# Work instructions
With the images removed, transcribe the listing that follows exactly.

*** Opening Entries supplied ***

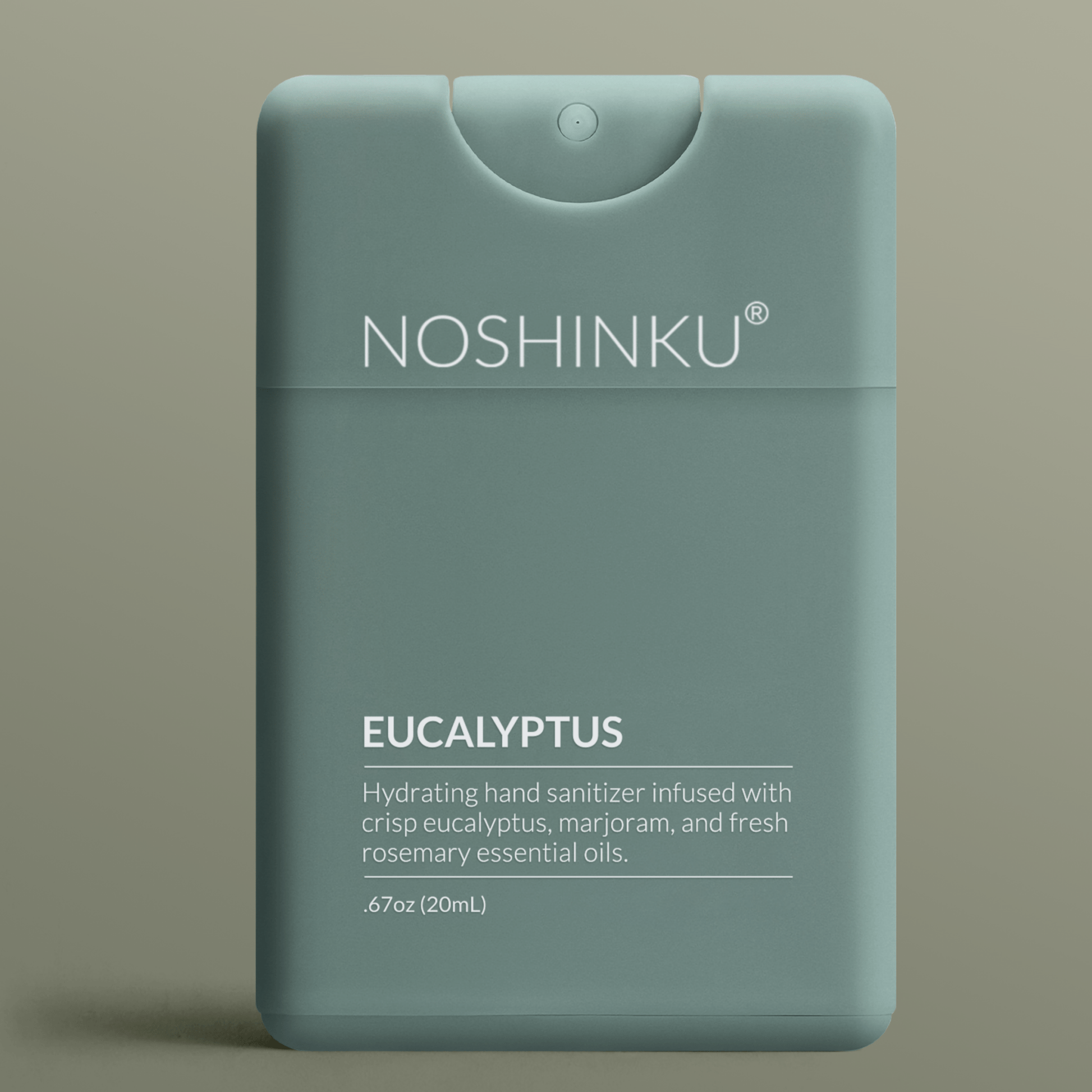 Refillable Eucalyptus Moisturizing Pocket Hand Sanitizer - Dear John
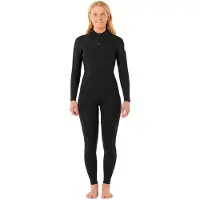 Rip Curl Dawn Patrol 3/2 Mm Neopren-anzug Mit Langen Ärmeln Und Reißverschluss Am Rücken Für Damen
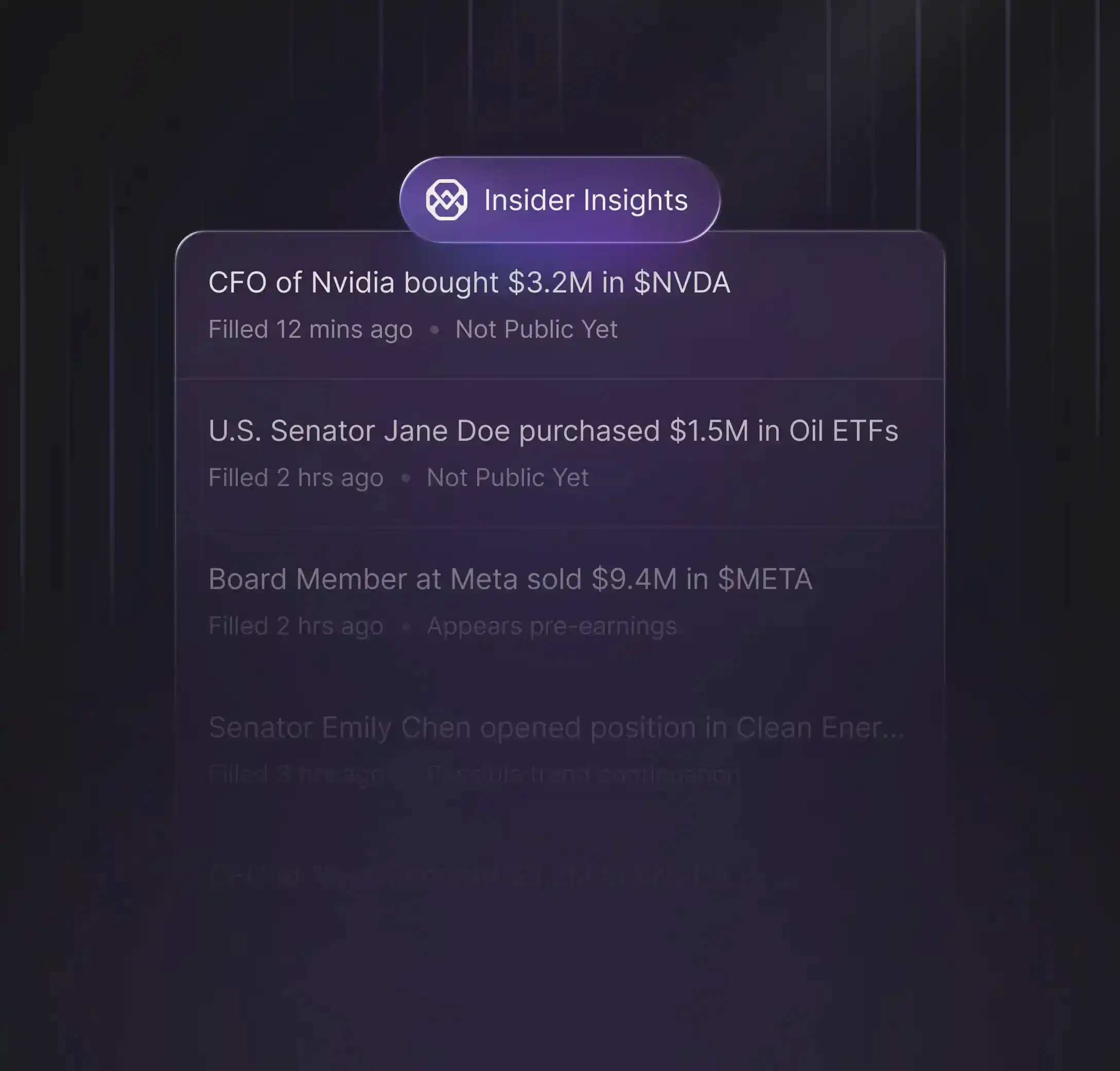 Sistema de alertas de mercado Portugal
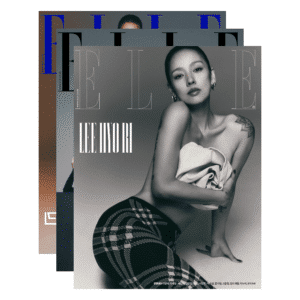 ELLE Korea December 2023 Lee Hyo-ri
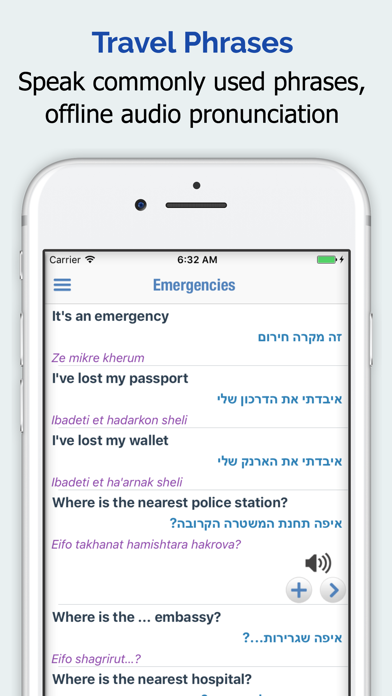 Hebrew Dictionary Premium review screenshots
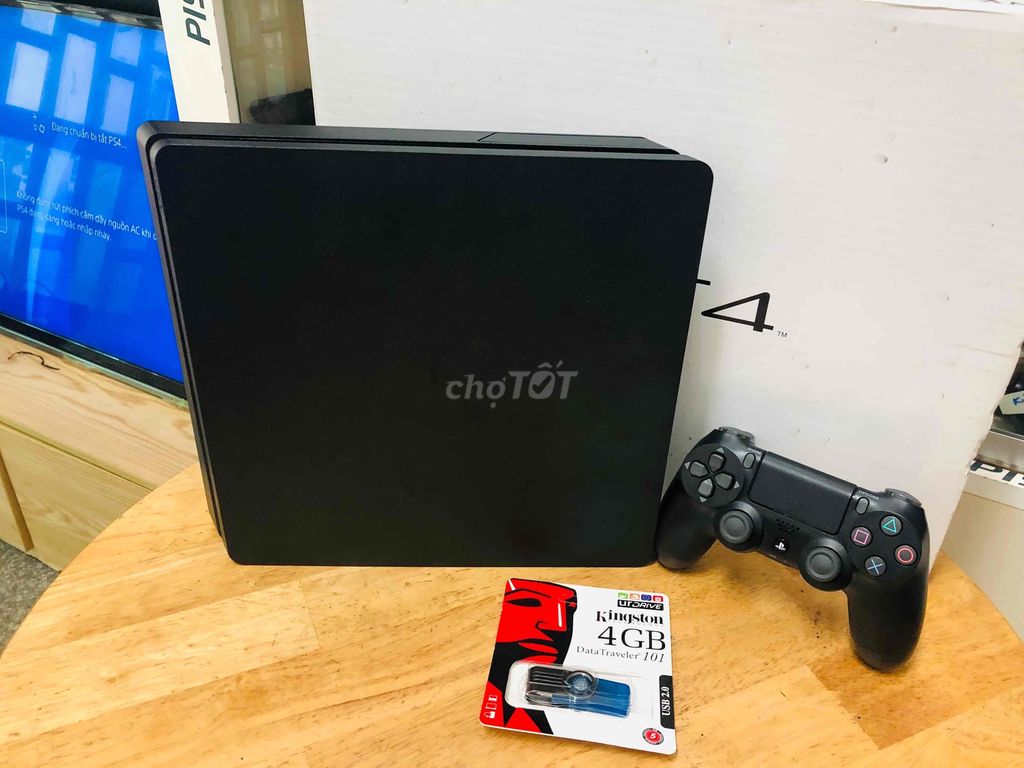 SLIM PS4 1TB FW 9.0 NHIỀU GAME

*** Closing Entries supplied ***

# Solution for this task
 Refillable Eucalyptus Moisturizing Pocket Hand Sanitizer - Dear John
 Rip Curl Dawn Patrol 3/2 Mm Neopren-anzug Mit Langen Ärmeln Und Reißverschluss Am Rücken Für Damen
 Sistema de alertas de mercado Portugal
 ELLE Korea December 2023 Lee Hyo-ri
 Hebrew Dictionary Premium review screenshots
 SLIM PS4 1TB FW 9.0 NHIỀU GAME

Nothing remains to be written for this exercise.